● Task description: From the top of the records below down to the line containing "Trick number three", reproduce every line exactly.

[Stored data entries]
####################

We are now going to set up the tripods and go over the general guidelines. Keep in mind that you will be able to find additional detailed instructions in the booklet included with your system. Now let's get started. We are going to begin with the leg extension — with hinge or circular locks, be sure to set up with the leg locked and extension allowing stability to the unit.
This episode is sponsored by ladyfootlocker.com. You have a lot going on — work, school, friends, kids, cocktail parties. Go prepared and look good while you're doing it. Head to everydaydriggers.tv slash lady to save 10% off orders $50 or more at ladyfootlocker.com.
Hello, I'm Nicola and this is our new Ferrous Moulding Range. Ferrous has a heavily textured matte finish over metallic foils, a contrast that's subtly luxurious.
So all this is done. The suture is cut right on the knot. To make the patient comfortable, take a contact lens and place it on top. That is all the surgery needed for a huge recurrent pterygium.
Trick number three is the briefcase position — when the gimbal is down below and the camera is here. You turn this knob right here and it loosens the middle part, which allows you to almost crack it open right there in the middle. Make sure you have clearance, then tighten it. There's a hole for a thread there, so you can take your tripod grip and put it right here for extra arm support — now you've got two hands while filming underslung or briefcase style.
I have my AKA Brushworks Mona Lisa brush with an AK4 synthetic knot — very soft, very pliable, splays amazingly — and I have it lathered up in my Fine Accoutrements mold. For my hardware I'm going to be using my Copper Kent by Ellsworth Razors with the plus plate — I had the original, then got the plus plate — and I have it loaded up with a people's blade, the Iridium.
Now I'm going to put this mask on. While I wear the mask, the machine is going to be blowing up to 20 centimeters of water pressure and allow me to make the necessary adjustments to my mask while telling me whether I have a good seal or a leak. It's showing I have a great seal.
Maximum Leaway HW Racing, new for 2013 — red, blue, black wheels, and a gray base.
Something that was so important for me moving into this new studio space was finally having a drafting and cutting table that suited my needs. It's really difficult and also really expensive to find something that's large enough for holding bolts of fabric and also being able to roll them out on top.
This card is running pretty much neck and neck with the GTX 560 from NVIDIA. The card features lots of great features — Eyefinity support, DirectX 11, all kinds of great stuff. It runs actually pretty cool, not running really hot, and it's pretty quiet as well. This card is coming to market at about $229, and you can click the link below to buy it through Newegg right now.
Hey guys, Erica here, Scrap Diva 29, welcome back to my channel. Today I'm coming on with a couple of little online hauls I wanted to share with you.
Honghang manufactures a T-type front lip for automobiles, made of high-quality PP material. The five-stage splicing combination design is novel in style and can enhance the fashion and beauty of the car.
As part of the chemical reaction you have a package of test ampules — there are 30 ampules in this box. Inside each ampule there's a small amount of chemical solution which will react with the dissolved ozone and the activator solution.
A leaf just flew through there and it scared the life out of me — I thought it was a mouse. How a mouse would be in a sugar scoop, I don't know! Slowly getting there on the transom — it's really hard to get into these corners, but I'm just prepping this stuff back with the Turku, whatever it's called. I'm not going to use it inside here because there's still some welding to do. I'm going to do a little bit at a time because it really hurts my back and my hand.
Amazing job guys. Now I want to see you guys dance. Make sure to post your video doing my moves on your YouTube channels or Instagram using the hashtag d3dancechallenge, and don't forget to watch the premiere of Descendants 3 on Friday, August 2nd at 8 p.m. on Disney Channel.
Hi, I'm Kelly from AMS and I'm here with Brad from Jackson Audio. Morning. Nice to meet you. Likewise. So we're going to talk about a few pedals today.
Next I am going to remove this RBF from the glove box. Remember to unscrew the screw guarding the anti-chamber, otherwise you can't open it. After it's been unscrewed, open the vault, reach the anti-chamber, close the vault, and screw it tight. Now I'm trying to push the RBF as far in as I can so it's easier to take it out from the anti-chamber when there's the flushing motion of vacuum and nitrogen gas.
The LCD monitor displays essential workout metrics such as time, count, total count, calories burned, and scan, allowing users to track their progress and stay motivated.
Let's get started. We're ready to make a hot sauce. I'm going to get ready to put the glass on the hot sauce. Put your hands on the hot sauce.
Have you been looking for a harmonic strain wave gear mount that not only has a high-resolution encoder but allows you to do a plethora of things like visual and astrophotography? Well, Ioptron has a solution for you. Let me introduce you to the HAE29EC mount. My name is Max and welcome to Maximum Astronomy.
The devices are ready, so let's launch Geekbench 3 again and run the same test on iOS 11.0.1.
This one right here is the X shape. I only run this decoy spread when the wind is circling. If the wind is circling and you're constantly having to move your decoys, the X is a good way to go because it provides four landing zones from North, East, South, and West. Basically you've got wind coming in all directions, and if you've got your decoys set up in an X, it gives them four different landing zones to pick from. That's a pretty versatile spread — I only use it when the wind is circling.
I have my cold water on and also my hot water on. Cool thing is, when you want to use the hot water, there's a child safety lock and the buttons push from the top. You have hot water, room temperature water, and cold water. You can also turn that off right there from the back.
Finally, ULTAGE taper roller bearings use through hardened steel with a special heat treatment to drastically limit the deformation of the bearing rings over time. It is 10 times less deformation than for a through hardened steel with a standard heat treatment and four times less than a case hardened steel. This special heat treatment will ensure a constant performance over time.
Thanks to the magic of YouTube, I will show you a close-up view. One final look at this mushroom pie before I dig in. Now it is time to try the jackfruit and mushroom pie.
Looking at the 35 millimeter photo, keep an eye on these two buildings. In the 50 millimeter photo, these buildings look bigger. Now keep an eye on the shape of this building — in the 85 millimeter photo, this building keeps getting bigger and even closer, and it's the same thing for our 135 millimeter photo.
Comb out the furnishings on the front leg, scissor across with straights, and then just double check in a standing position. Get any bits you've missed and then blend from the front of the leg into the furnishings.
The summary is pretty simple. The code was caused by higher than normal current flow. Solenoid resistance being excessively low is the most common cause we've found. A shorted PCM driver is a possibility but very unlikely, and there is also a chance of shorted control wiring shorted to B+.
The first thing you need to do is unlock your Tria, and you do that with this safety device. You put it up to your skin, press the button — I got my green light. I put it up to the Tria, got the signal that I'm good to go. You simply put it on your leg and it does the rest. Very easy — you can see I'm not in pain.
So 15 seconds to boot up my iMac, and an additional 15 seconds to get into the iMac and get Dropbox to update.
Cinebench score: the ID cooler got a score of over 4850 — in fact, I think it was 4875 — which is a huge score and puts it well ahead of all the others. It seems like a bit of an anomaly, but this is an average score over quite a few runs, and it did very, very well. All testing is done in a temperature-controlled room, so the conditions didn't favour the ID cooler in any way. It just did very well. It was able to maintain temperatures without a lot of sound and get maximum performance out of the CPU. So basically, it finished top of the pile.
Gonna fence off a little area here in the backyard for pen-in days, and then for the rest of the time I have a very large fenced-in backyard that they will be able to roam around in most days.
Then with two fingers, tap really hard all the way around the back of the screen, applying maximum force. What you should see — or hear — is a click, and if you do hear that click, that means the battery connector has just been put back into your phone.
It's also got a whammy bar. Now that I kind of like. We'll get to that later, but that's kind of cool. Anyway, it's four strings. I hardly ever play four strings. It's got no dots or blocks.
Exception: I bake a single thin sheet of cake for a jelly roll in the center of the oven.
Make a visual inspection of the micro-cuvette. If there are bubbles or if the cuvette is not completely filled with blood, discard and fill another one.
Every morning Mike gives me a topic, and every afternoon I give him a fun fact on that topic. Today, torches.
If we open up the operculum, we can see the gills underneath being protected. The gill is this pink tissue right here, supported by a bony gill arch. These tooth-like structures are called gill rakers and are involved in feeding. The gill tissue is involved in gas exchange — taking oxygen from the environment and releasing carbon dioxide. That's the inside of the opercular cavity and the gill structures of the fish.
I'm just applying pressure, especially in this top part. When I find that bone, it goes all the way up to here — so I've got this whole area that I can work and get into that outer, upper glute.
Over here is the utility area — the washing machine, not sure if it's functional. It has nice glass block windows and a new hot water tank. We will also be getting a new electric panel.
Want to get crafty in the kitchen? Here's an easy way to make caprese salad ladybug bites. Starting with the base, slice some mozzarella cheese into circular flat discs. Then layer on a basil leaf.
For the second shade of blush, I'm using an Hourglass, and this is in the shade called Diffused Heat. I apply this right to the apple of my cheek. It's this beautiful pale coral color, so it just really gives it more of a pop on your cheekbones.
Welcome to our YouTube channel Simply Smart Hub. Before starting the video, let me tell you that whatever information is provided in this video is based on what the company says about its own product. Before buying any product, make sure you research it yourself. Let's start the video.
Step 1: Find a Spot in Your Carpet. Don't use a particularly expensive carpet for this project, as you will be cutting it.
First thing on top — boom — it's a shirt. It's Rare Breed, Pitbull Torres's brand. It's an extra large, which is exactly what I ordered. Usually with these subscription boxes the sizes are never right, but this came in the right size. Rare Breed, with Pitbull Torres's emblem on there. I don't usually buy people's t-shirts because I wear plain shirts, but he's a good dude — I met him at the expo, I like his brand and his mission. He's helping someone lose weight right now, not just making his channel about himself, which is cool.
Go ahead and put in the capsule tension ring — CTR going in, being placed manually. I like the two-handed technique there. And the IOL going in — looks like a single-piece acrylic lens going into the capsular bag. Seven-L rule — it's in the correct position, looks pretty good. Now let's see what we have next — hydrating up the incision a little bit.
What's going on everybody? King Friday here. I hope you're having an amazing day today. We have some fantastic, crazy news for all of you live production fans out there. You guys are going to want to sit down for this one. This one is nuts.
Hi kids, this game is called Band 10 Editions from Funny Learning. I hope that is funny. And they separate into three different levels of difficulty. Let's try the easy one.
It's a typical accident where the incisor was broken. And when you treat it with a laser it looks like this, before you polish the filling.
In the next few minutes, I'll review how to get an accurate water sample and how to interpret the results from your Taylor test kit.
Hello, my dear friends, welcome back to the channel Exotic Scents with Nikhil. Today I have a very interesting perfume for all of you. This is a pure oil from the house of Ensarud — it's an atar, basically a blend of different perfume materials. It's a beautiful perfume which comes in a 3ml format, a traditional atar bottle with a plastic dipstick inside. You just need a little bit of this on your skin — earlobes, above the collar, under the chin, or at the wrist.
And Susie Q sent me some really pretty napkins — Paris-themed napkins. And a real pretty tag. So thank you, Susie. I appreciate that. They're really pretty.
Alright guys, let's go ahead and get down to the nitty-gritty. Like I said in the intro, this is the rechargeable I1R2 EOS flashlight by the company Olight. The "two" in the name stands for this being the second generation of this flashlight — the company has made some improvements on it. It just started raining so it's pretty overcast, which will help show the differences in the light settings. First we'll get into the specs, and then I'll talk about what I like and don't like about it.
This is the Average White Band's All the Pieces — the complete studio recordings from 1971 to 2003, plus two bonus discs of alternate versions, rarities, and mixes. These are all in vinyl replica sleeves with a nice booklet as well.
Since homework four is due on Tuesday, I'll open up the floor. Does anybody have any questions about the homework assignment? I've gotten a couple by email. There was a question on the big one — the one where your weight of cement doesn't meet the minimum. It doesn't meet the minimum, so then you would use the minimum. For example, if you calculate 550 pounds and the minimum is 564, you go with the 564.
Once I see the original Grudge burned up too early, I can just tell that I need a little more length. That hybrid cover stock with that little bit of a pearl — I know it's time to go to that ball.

####################

● Result for this exercise:
We are now going to set up the tripods and go over the general guidelines. Keep in mind that you will be able to find additional detailed instructions in the booklet included with your system. Now let's get started. We are going to begin with the leg extension — with hinge or circular locks, be sure to set up with the leg locked and extension allowing stability to the unit.
This episode is sponsored by ladyfootlocker.com. You have a lot going on — work, school, friends, kids, cocktail parties. Go prepared and look good while you're doing it. Head to everydaydriggers.tv slash lady to save 10% off orders $50 or more at ladyfootlocker.com.
Hello, I'm Nicola and this is our new Ferrous Moulding Range. Ferrous has a heavily textured matte finish over metallic foils, a contrast that's subtly luxurious.
So all this is done. The suture is cut right on the knot. To make the patient comfortable, take a contact lens and place it on top. That is all the surgery needed for a huge recurrent pterygium.
Trick number three is the briefcase position — when the gimbal is down below and the camera is here. You turn this knob right here and it loosens the middle part, which allows you to almost crack it open right there in the middle. Make sure you have clearance, then tighten it. There's a hole for a thread there, so you can take your tripod grip and put it right here for extra arm support — now you've got two hands while filming underslung or briefcase style.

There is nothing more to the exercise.